Cosa che puntualmente accadde. Dall’articolo e dal video qui sopra linkato le
prove incontrovertibili che due sabati fa alla frontiera di Cúcuta sia stato
organizzata una messa in scena della quale Guaidó, Rubio e il presidente
colombiano Duque sono i primi responsabili.
E qui aiuti
umanitari e blackout convergono. Gli 80 neonati morti (presunti, speriamo) sono
vittime dell’inettitudine criminale chavista o della guerra asimmetrica
denunciata da Maduro?

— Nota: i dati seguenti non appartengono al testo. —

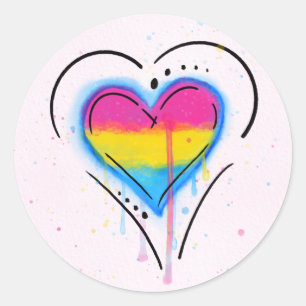 Adesivo Redondo Sinalizador Cardíaco do Orgulho Pansexual LGBTQ
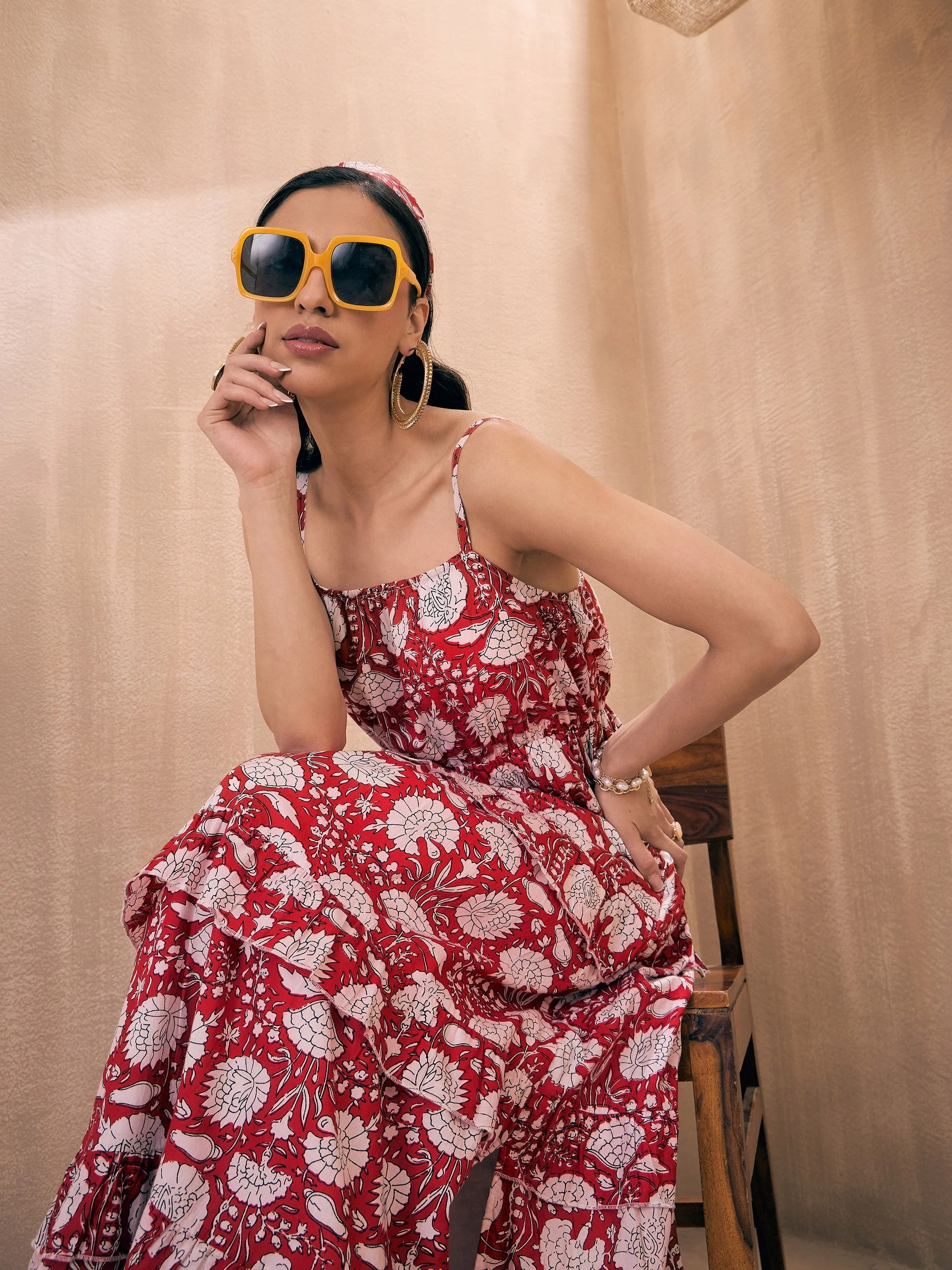 Women Red Floral Front Slit Strappy Maxi - Image 3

Gli aiuti bruciati da Guaidó in Colombia, per rafforzare
l’idea di una cieca intransigenza virtuale di Maduro, a chi vanno addebitati?
Il fatto che gli stessi benefattori li abbiano distrutti, non avvalora la tesi
di Maduro che fossero un cavallo di Troia? La retorica degli aiuti umanitari
(solo in Venezuela, mai ad Haiti, in Honduras o in altri pezzi del Continente
almeno altrettanto dolenti) come si concilia con il blackout umanitario e
quegli 80 bambini che ci dicono morti come danno collaterale?